En remontant le fil de ses souvenirs, avec une écriture en italique que le narrateur adresse à Catalina, la mère d’Alexandre, pour qui il garde une attirance certaine, le narrateur commence à distinguer les autochtones. Car, Philippe, choisit par la belle Catalina, le père d’Alexandre, est aussi son ami d’enfance. C’est dire que le narrateur connaît bien cette famille qui domine son île natale depuis des siècles.


Seulement, au fil des chapitres, où l’écriture de Jérôme Ferrari se libère de ce carcan imposé du début. Elle devient rapidement ironique, savoureuse et même hilarante avec la description de scènes mémorables.


Ainsi, les propriétaires actuels, vivants de cette industrie du tourisme ont tendance à oublier que leur respectabilité, acquise au fil des ans, ne repose que sur une criminalité du passé, comme l’histoire de Nicolas Romani le signale.


En conclusion

Seulement, aucun manichéisme chez Jérôme Ferrari, car sa famille n’est pas uniquement liée à celle des Romani par la traîtresse Catalina. Tout est imbriqué. La famille du narrateur a choisi la connaissance à la criminalité.
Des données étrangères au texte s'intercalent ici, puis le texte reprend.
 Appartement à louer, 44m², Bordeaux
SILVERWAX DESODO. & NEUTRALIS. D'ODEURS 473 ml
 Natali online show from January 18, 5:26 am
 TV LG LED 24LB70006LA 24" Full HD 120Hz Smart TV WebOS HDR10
Mais, à chaque souvenir, les Romani sont présents.

Rien ne permet de s’extraire de cette mélasse, ni l’exil, ni la politique !


Constat pesant et inexorable de Jérôme Ferrari, répétant dans cette fin, d’une seule phrase, le destin de chacun à assumer dans sa solitude sa responsabilité d’être humain.
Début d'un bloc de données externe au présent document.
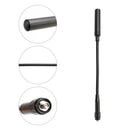 30CM Radio Svanehals Antenne Gain CS Tactical Antenne til TK-370 LT-3288 PX-777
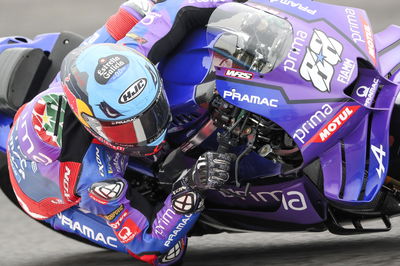 Miguel Oliveira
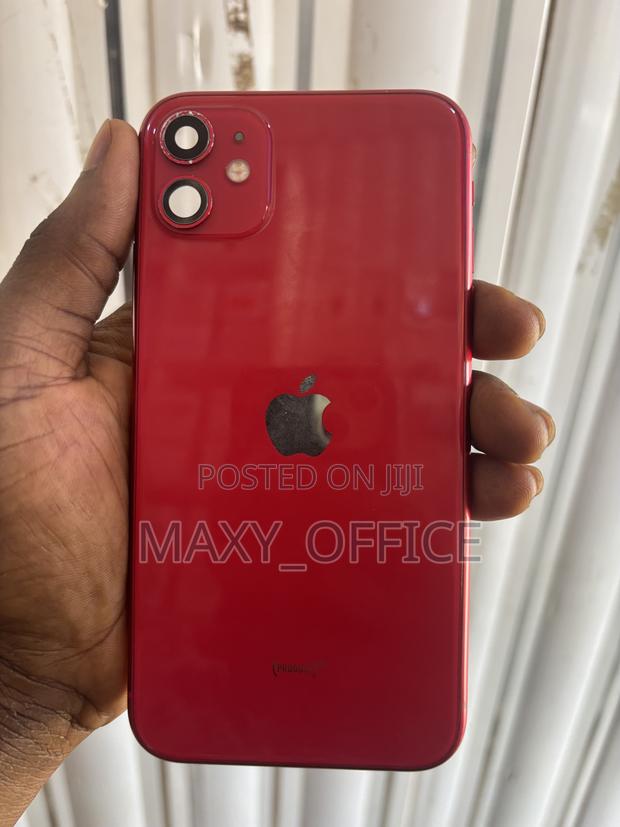 iPhone 11 Complete Housing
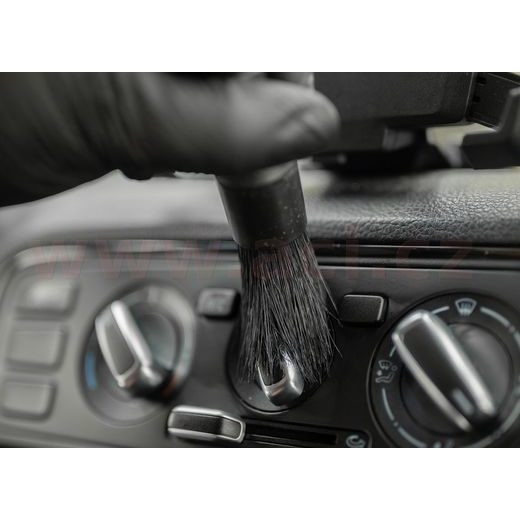 DETAILINGOVÉ ŠTĚTCE PRO INTERIÉR I EXTERIÉR - KANČÍ ŽÍNĚ, SADA 2 KS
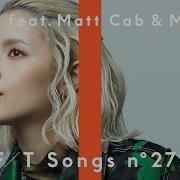 Anly Feat Matt Cab Matz カラノココロ The First Take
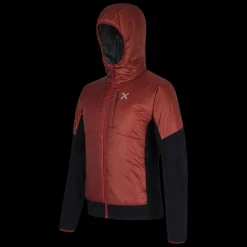 ENIGMA HYBRID JACKET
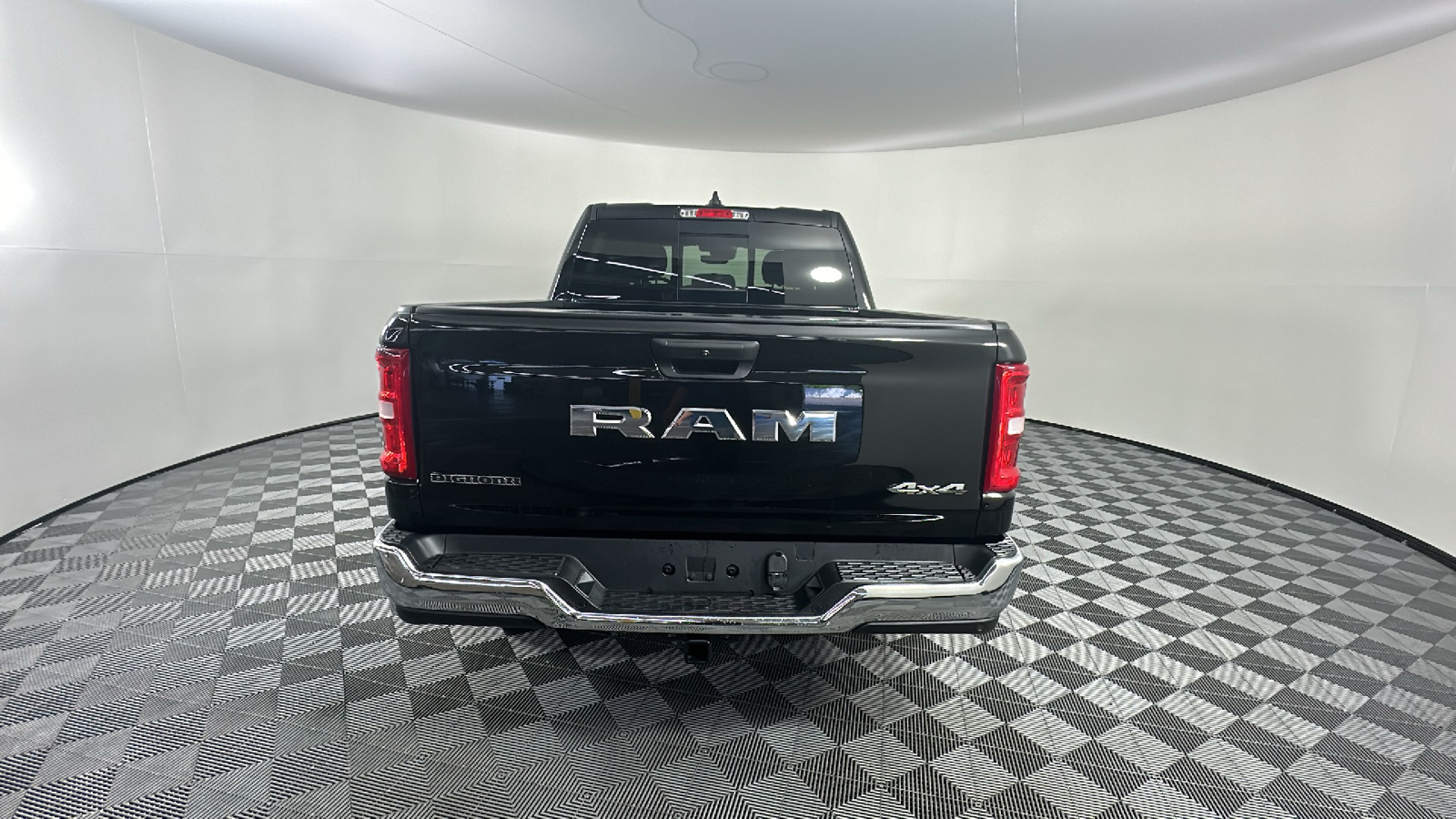 2025 Ram 1500 Big Horn/Lone Star 13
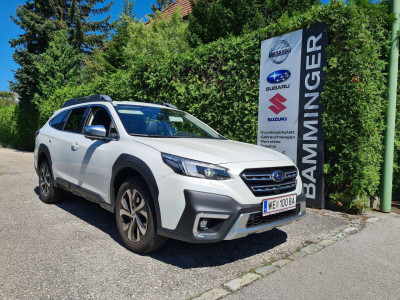 Subaru Outback Vorführwagen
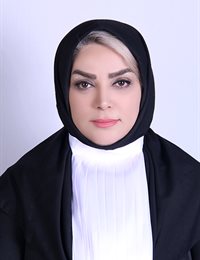 وکیل سعیده صحت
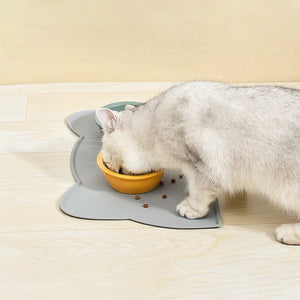 PET (Non-slip) Feed Placemat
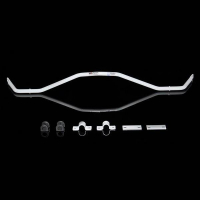 [Hyundai Santa Fe 2.4 13+ UltraRacing rear Sway Bar 23mm]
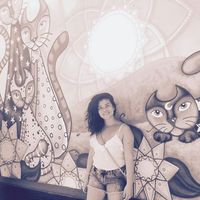 Mónica Torres Abril's Photo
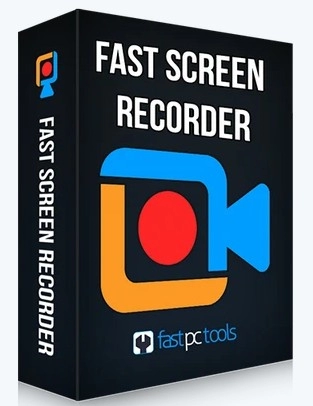 Fast Screen Recorder 2.0.0.2 Portable by 7997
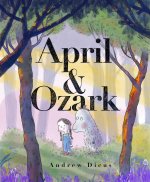 April and Ozark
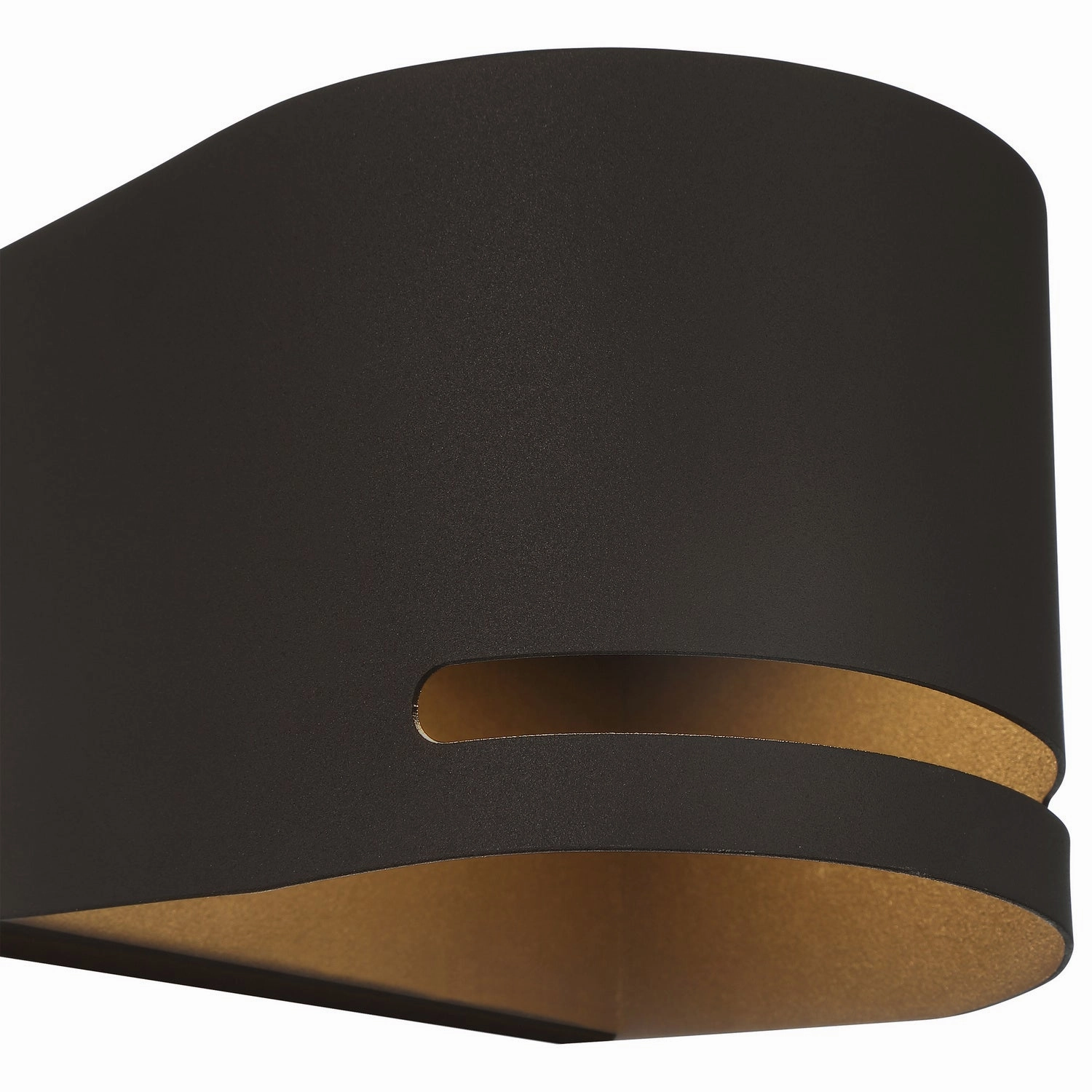Vivre LED Outdoor Wall Mount Bronze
Jérôme Ferrari raconte, sous forme de contes mis en lumière par la table des matières, l’histoire de vies marquées par des destins différents, où chacun doit assumer son libre arbitre dans une solitude totale, en prenant pour exemple ses sujets favoris : sa terre, les hommes qui la composent et les touristes qui l’envahissent.


Brillant, sarcastique, détonnant et puissant !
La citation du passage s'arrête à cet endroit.